### AIM OF THE TASK
Output the material exactly, with every line intact.

### DATA RECORDS
___

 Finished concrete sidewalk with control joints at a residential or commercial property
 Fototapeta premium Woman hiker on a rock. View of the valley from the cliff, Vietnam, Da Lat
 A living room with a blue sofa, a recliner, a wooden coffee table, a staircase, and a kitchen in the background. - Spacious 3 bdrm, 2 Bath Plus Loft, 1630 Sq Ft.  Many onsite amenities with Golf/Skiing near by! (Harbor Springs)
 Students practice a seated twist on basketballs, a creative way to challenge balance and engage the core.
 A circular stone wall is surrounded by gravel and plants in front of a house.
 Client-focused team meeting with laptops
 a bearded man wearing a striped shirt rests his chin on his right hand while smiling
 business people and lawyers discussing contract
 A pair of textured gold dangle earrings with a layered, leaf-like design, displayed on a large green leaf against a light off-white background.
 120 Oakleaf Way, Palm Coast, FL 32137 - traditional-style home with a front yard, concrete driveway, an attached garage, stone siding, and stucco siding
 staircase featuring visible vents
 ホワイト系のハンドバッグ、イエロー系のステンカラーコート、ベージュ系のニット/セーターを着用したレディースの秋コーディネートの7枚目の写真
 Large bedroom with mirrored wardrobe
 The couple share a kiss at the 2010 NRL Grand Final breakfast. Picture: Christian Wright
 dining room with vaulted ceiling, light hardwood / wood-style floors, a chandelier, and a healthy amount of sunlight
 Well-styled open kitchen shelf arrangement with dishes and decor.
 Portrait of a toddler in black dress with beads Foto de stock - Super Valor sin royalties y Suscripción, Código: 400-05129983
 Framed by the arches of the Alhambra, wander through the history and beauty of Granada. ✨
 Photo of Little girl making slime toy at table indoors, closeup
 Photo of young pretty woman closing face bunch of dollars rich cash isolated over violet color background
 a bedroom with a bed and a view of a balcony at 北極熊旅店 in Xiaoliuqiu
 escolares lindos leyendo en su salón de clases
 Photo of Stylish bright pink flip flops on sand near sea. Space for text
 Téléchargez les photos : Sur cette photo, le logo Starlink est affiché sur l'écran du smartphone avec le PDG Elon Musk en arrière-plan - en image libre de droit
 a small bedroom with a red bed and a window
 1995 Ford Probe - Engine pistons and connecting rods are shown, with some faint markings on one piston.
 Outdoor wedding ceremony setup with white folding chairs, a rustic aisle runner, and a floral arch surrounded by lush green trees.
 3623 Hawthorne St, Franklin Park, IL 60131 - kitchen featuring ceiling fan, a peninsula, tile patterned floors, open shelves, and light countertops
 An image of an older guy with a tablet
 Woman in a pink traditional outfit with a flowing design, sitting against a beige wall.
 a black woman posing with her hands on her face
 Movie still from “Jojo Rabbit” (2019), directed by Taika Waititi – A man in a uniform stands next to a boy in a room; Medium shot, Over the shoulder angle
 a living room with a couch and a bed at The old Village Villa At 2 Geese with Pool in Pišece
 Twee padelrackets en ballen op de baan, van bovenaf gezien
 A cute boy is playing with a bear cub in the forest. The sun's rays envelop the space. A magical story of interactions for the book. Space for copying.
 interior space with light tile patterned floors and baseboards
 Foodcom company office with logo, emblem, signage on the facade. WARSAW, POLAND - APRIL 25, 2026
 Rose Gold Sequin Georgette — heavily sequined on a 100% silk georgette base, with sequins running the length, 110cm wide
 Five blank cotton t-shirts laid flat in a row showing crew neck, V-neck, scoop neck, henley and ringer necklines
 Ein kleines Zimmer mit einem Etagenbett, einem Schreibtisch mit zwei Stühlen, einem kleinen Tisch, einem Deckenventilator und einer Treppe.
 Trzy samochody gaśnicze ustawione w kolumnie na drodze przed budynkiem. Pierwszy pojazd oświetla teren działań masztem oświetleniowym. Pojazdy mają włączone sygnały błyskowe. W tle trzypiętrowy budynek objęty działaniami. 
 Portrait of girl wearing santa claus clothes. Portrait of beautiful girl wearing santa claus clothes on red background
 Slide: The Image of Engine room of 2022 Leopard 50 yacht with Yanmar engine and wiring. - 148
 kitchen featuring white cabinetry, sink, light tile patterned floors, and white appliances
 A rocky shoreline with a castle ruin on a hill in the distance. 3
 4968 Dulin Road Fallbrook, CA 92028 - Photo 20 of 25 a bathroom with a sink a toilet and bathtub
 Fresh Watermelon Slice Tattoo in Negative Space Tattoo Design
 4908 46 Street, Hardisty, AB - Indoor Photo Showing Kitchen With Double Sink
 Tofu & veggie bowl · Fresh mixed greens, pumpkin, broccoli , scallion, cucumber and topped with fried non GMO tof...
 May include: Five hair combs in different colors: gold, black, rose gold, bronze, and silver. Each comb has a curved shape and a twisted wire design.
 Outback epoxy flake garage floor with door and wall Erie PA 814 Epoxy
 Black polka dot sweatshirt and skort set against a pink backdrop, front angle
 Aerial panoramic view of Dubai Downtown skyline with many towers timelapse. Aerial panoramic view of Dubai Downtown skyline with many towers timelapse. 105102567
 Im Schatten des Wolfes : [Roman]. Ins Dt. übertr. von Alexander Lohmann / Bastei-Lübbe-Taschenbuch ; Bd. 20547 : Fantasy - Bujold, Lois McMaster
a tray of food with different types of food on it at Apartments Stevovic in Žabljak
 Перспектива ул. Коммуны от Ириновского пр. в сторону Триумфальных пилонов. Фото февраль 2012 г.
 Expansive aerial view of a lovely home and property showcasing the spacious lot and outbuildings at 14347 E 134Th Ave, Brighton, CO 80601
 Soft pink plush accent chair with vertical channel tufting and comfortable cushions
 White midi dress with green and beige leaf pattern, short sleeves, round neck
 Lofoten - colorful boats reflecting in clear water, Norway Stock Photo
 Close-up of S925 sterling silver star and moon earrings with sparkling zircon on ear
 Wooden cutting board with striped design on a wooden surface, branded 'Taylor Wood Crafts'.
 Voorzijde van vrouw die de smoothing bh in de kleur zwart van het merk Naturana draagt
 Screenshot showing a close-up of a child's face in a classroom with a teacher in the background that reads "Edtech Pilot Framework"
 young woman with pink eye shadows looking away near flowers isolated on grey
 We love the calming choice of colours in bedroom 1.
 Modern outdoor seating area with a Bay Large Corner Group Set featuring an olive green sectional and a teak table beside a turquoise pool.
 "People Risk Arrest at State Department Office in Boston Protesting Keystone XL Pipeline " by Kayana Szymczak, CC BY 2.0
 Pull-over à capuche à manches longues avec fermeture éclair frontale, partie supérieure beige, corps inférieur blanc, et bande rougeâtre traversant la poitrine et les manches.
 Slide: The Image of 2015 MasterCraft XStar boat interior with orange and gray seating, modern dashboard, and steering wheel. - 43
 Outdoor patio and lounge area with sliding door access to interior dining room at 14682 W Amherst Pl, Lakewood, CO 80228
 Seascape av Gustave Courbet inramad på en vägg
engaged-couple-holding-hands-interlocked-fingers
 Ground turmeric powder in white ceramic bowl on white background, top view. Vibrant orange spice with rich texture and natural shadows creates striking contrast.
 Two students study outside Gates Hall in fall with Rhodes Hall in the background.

___

### RESULT OF THE EXERCISE
 Finished concrete sidewalk with control joints at a residential or commercial property
 Fototapeta premium Woman hiker on a rock. View of the valley from the cliff, Vietnam, Da Lat
 A living room with a blue sofa, a recliner, a wooden coffee table, a staircase, and a kitchen in the background. - Spacious 3 bdrm, 2 Bath Plus Loft, 1630 Sq Ft.  Many onsite amenities with Golf/Skiing near by! (Harbor Springs)
 Students practice a seated twist on basketballs, a creative way to challenge balance and engage the core.
 A circular stone wall is surrounded by gravel and plants in front of a house.
 Client-focused team meeting with laptops
 a bearded man wearing a striped shirt rests his chin on his right hand while smiling
 business people and lawyers discussing contract
 A pair of textured gold dangle earrings with a layered, leaf-like design, displayed on a large green leaf against a light off-white background.
 120 Oakleaf Way, Palm Coast, FL 32137 - traditional-style home with a front yard, concrete driveway, an attached garage, stone siding, and stucco siding
 staircase featuring visible vents
 ホワイト系のハンドバッグ、イエロー系のステンカラーコート、ベージュ系のニット/セーターを着用したレディースの秋コーディネートの7枚目の写真
 Large bedroom with mirrored wardrobe
 The couple share a kiss at the 2010 NRL Grand Final breakfast. Picture: Christian Wright
 dining room with vaulted ceiling, light hardwood / wood-style floors, a chandelier, and a healthy amount of sunlight
 Well-styled open kitchen shelf arrangement with dishes and decor.
 Portrait of a toddler in black dress with beads Foto de stock - Super Valor sin royalties y Suscripción, Código: 400-05129983
 Framed by the arches of the Alhambra, wander through the history and beauty of Granada. ✨
 Photo of Little girl making slime toy at table indoors, closeup
 Photo of young pretty woman closing face bunch of dollars rich cash isolated over violet color background
 a bedroom with a bed and a view of a balcony at 北極熊旅店 in Xiaoliuqiu
 escolares lindos leyendo en su salón de clases
 Photo of Stylish bright pink flip flops on sand near sea. Space for text
 Téléchargez les photos : Sur cette photo, le logo Starlink est affiché sur l'écran du smartphone avec le PDG Elon Musk en arrière-plan - en image libre de droit
 a small bedroom with a red bed and a window
 1995 Ford Probe - Engine pistons and connecting rods are shown, with some faint markings on one piston.
 Outdoor wedding ceremony setup with white folding chairs, a rustic aisle runner, and a floral arch surrounded by lush green trees.
 3623 Hawthorne St, Franklin Park, IL 60131 - kitchen featuring ceiling fan, a peninsula, tile patterned floors, open shelves, and light countertops
 An image of an older guy with a tablet
 Woman in a pink traditional outfit with a flowing design, sitting against a beige wall.
 a black woman posing with her hands on her face
 Movie still from “Jojo Rabbit” (2019), directed by Taika Waititi – A man in a uniform stands next to a boy in a room; Medium shot, Over the shoulder angle
 a living room with a couch and a bed at The old Village Villa At 2 Geese with Pool in Pišece
 Twee padelrackets en ballen op de baan, van bovenaf gezien
 A cute boy is playing with a bear cub in the forest. The sun's rays envelop the space. A magical story of interactions for the book. Space for copying.
 interior space with light tile patterned floors and baseboards
 Foodcom company office with logo, emblem, signage on the facade. WARSAW, POLAND - APRIL 25, 2026
 Rose Gold Sequin Georgette — heavily sequined on a 100% silk georgette base, with sequins running the length, 110cm wide
 Five blank cotton t-shirts laid flat in a row showing crew neck, V-neck, scoop neck, henley and ringer necklines
 Ein kleines Zimmer mit einem Etagenbett, einem Schreibtisch mit zwei Stühlen, einem kleinen Tisch, einem Deckenventilator und einer Treppe.
 Trzy samochody gaśnicze ustawione w kolumnie na drodze przed budynkiem. Pierwszy pojazd oświetla teren działań masztem oświetleniowym. Pojazdy mają włączone sygnały błyskowe. W tle trzypiętrowy budynek objęty działaniami. 
 Portrait of girl wearing santa claus clothes. Portrait of beautiful girl wearing santa claus clothes on red background
 Slide: The Image of Engine room of 2022 Leopard 50 yacht with Yanmar engine and wiring. - 148
 kitchen featuring white cabinetry, sink, light tile patterned floors, and white appliances
 A rocky shoreline with a castle ruin on a hill in the distance. 3
 4968 Dulin Road Fallbrook, CA 92028 - Photo 20 of 25 a bathroom with a sink a toilet and bathtub
 Fresh Watermelon Slice Tattoo in Negative Space Tattoo Design
 4908 46 Street, Hardisty, AB - Indoor Photo Showing Kitchen With Double Sink
 Tofu & veggie bowl · Fresh mixed greens, pumpkin, broccoli , scallion, cucumber and topped with fried non GMO tof...
 May include: Five hair combs in different colors: gold, black, rose gold, bronze, and silver. Each comb has a curved shape and a twisted wire design.
 Outback epoxy flake garage floor with door and wall Erie PA 814 Epoxy
 Black polka dot sweatshirt and skort set against a pink backdrop, front angle
 Aerial panoramic view of Dubai Downtown skyline with many towers timelapse. Aerial panoramic view of Dubai Downtown skyline with many towers timelapse. 105102567
 Im Schatten des Wolfes : [Roman]. Ins Dt. übertr. von Alexander Lohmann / Bastei-Lübbe-Taschenbuch ; Bd. 20547 : Fantasy - Bujold, Lois McMaster
a tray of food with different types of food on it at Apartments Stevovic in Žabljak
 Перспектива ул. Коммуны от Ириновского пр. в сторону Триумфальных пилонов. Фото февраль 2012 г.
 Expansive aerial view of a lovely home and property showcasing the spacious lot and outbuildings at 14347 E 134Th Ave, Brighton, CO 80601
 Soft pink plush accent chair with vertical channel tufting and comfortable cushions
 White midi dress with green and beige leaf pattern, short sleeves, round neck
 Lofoten - colorful boats reflecting in clear water, Norway Stock Photo
 Close-up of S925 sterling silver star and moon earrings with sparkling zircon on ear
 Wooden cutting board with striped design on a wooden surface, branded 'Taylor Wood Crafts'.
 Voorzijde van vrouw die de smoothing bh in de kleur zwart van het merk Naturana draagt
 Screenshot showing a close-up of a child's face in a classroom with a teacher in the background that reads "Edtech Pilot Framework"
 young woman with pink eye shadows looking away near flowers isolated on grey
 We love the calming choice of colours in bedroom 1.
 Modern outdoor seating area with a Bay Large Corner Group Set featuring an olive green sectional and a teak table beside a turquoise pool.
 "People Risk Arrest at State Department Office in Boston Protesting Keystone XL Pipeline " by Kayana Szymczak, CC BY 2.0
 Pull-over à capuche à manches longues avec fermeture éclair frontale, partie supérieure beige, corps inférieur blanc, et bande rougeâtre traversant la poitrine et les manches.
 Slide: The Image of 2015 MasterCraft XStar boat interior with orange and gray seating, modern dashboard, and steering wheel. - 43
 Outdoor patio and lounge area with sliding door access to interior dining room at 14682 W Amherst Pl, Lakewood, CO 80228
 Seascape av Gustave Courbet inramad på en vägg
engaged-couple-holding-hands-interlocked-fingers
 Ground turmeric powder in white ceramic bowl on white background, top view. Vibrant orange spice with rich texture and natural shadows creates striking contrast.
 Two students study outside Gates Hall in fall with Rhodes Hall in the background.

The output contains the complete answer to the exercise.